Il y a des expressions qui traversent les siècles sans perdre leur éclat. Carpe diem — « cueille le jour », nous dit Horace, poète latin du Ier siècle avant notre ère. Une invitation à savourer l’instant présent, à vivre ici et maintenant, sans attendre demain. En apparence, une formule douce, presque naïve. Mais dans le monde qui est le nôtre aujourd’hui, elle devient profondément subversive.
Une jeunesse sous tension permanente
Comment vivre l’instant quand l’avenir semble si incertain ? À Madagascar, au Kenya, à Maurice ou en Tanzanie, des milliers de jeunes se lèvent chaque jour avec le poids du « devoir réussir » sur les épaules. Réussir pour échapper à la pauvreté, réussir pour honorer les sacrifices familiaux, réussir pour exister dans un monde qui regarde ailleurs. À cela s’ajoutent l’instabilité politique, le chômage, les catastrophes climatiques, la pression numérique.

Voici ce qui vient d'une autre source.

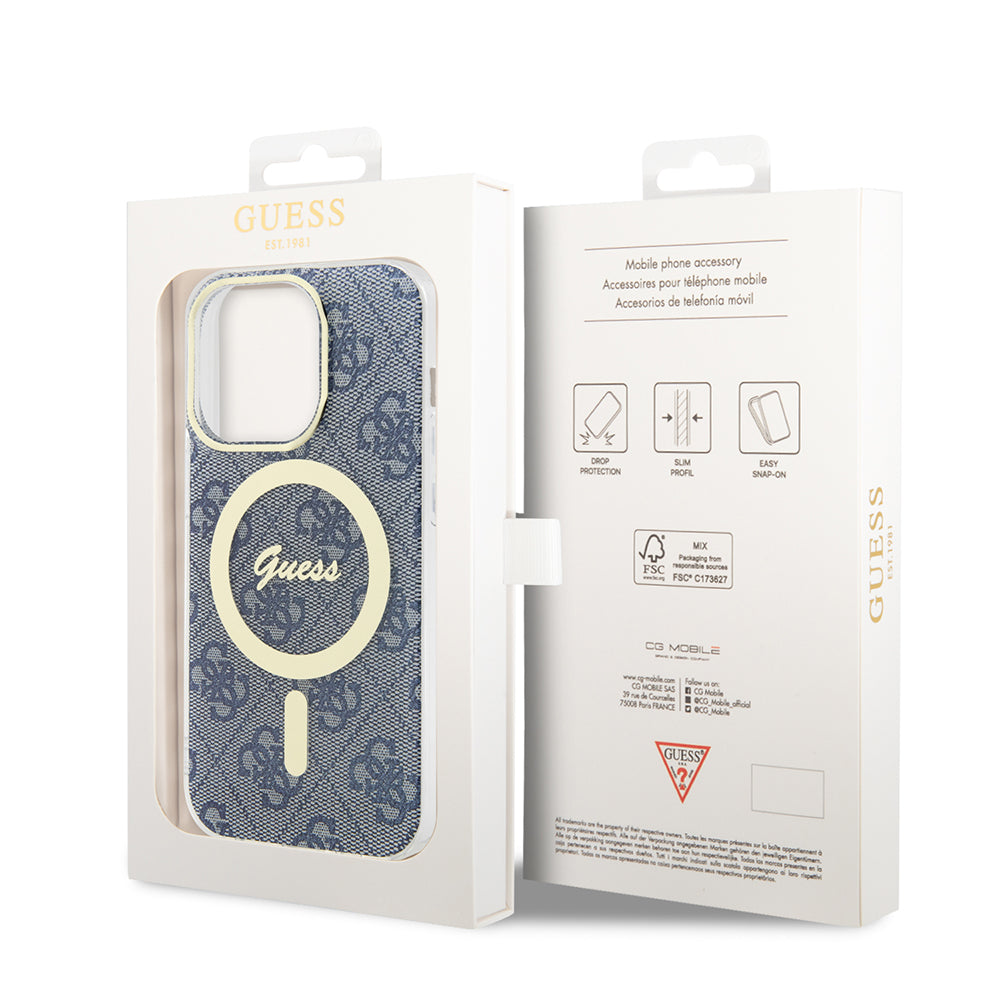 Etui MagSafe dla Apple iPhone 15 Pro, Guess, IML 4G, Niebieskie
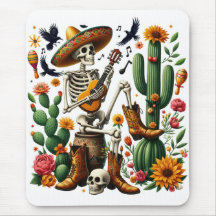 Squelette mexicain jouant de la guitare parmi les 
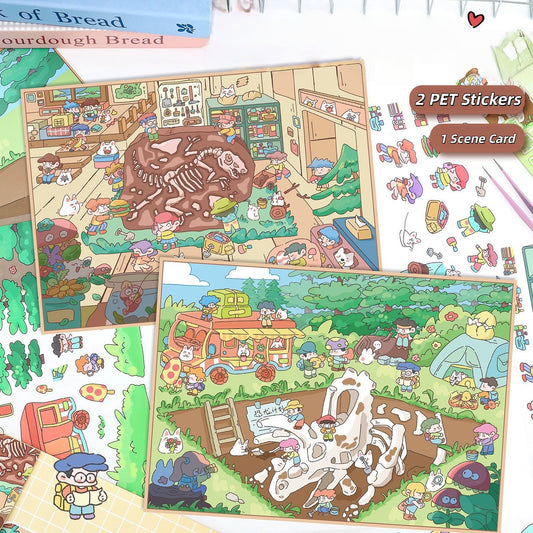 Jurassic Fossil Hunt 3D Sticker | 2 Cute Miniature Scenes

Alors on planifie, on s’endette, on rêve parfois en silence. Et on reporte la vie. À plus tard. Après les études. Après le premier salaire. Après l’appartement. Après la sécurité. Mais ce « plus tard » ne vient souvent jamais.
Savoir s’arrêter, un acte de résistance
Dans ce contexte, Carpe diem ne signifie pas fuir ses responsabilités. Ce n’est pas une injonction à vivre dans l’insouciance ni un luxe réservé aux privilégiés. C’est une décision courageuse : celle de ne pas sacrifier entièrement le présent sur l’autel d’un futur hypothétique.
Savoir s’arrêter. Respirer. Écouter une chanson jusqu’au bout. Regarder le ciel. Dire « je t’aime » à temps. Manger avec lenteur. Dormir sans culpabiliser. Créer sans chercher à monétiser. Rire, même brièvement, même sans raison. Ce sont des gestes simples, mais dans un monde obsédé par la performance, ils deviennent radicaux.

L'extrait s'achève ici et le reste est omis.